One had a blessed life and could easily connect with the presence of God. The other
had a troubled life and could easily feel alone, disconnected from the divine
presence.
Maybe.
But the way it is given to us as one psalm, it is a lot like real life. As someone wrote:
“It is cyclic, just as our lives are. We praise. We cry. We praise. It’s the stuff of our
existence.”(Beth Tanner: Commentary on Psalm 27, Workingpreacher.com)
It seems quite familiar right?
Hiding under the wings and then squirming to be free of them; resting in the shelter
and presence of God and then feeling all alone and abandoned. Seeking God with all
our hearts and then turning toward whatever shiny idol captivates our attention.

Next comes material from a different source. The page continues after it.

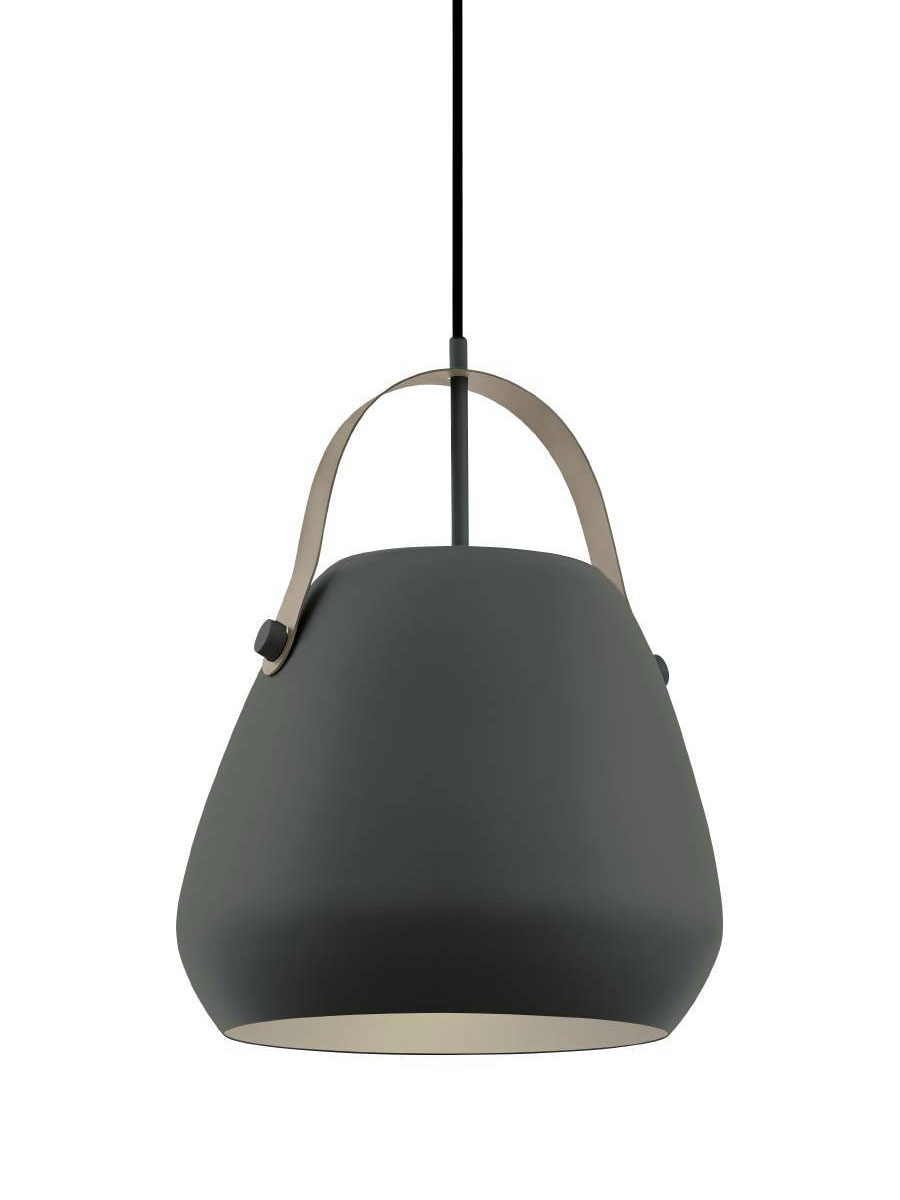 Подвесной светильник BEDNALL 98349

Gaining mastery over our temptations, then indulging them yet again. Believing God
is right here and for us; and then wondering why my prayers keep bouncing off the
ceiling and going no where.
From the darkness, in the valley, the psalmist rallies, with a renewed praise of trust
in God who will see us through. God will not fail even if everything and everyone
else does. It’s one thing to sing it when you’re on top of the mountain; it’s another to
still hum the tune when you’re in the valley. The power of this psalm, like the whole
gospel itself, is both its realism and its strength. While the rhythm of the verse
echoes our real lives, it begins and then ends with words we can cling to throughout
life’s peaks and valleys:
The Lord is my light and my salvation; whom shall I fear?
The Lord is the stronghold of my life, of whom shall I be afraid?
I believe that I shall see the goodness of the Lord in the land of the living.
Wait for the Lord; be strong, and let your heart take courage.
Wait for the Lord.
Whatever is most true of your own prayers and your own heart today, may these
prayers also rise from your lips and draw your heart up with them. The Lord is my
light and my salvation; the Lord is the stronghold of my life.